[Brief descriptive captions]

----

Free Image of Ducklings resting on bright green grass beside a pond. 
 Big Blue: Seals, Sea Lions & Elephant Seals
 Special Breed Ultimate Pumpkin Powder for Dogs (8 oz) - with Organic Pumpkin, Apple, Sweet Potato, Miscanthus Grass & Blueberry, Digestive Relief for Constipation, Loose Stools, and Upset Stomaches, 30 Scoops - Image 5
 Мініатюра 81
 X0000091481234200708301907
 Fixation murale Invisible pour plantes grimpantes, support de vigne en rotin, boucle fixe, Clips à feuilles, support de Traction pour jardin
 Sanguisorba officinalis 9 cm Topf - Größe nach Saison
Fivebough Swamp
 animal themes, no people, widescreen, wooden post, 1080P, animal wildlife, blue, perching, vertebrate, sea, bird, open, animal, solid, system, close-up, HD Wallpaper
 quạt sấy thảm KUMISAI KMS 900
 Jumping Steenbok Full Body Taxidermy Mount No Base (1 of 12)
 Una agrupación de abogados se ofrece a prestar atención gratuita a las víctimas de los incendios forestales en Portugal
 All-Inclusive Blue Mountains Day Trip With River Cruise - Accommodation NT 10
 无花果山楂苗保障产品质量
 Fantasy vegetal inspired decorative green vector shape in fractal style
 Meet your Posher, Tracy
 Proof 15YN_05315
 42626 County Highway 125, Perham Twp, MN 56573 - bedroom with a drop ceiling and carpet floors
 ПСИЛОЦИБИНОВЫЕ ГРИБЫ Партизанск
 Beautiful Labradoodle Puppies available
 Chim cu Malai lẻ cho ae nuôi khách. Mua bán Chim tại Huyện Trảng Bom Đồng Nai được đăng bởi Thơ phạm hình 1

----

» Problem statement
Filter the records above and return every line that holds the word "green".

» Solution to the problem
Free Image of Ducklings resting on bright green grass beside a pond. 
 Fantasy vegetal inspired decorative green vector shape in fractal style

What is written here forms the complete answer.